Benchmarking MPI Communication on Phi-Based Clusters
Intel’s Many Integrated Core (MIC) architecture was designed to accommodate highly-parallel applications, a great many of which rely on the Message Passing Interface (MPI) standard. Applications deployed on Intel Xeon Phi coprocessors may use offload programming, an approach similar to the CUDA framework for general purpose GPU (GPGPU) computing, in which the CPU-based application is equipped with directives that send the compute-intensive parts of the code and related data from the host system memory to the coprocessor. Unlike GPGPUs, though, Xeon Phi coprocessors can operate as independent IP-addressable manycore nodes allowing MPI processes to be run on them without involving the host CPUs. The so-called symmetric clustering model is attractive because it allows for relatively easy porting of CPU-based applications to clusters with manycore computing accelerators. The end-user can speedup HPC applications without having to restructure the code to implement data offload.
In the symmetric heterogeneous clustering setup, MPI processes are launched directly on coprocessors. Peer-to-peer communication between coprocessors occurs over network fabric virtualized in the operating system. MPI applications written for CPUs may be executed thusly without major code modification, however the convenience comes at the expense of reduced communication efficiency, at least in the absence of specialized networking hardware.

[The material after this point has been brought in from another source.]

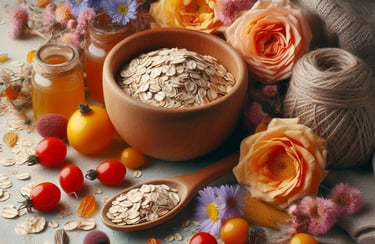a bowl of oats and flowers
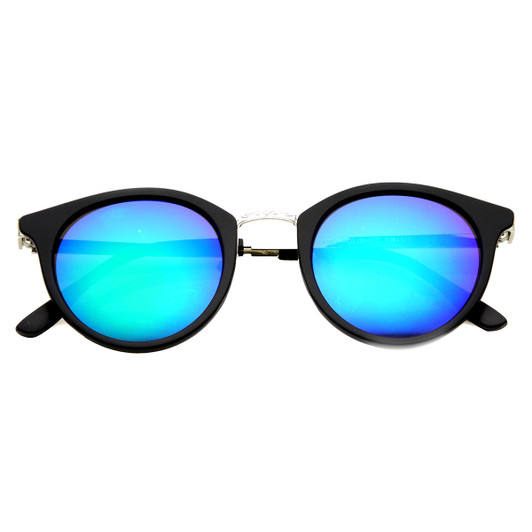 Retro Flash Mirror Horn Rimmed Metal Temple Round Sunglasses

Colfax International researchers Vadim Karpusenko and Andrey Vladimirov address this shortcoming by implementing a Phi-based cluster with InfiniBand interconnects and the appropriate software. They describe the process and the results of their research in a recently published paper, “Configuration and Benchmarks of Peer-to-Peer MPI Communications Over Gigabit Ethernet and InfiniBand in a Cluster with Intel Xeon Phi Coprocessors.”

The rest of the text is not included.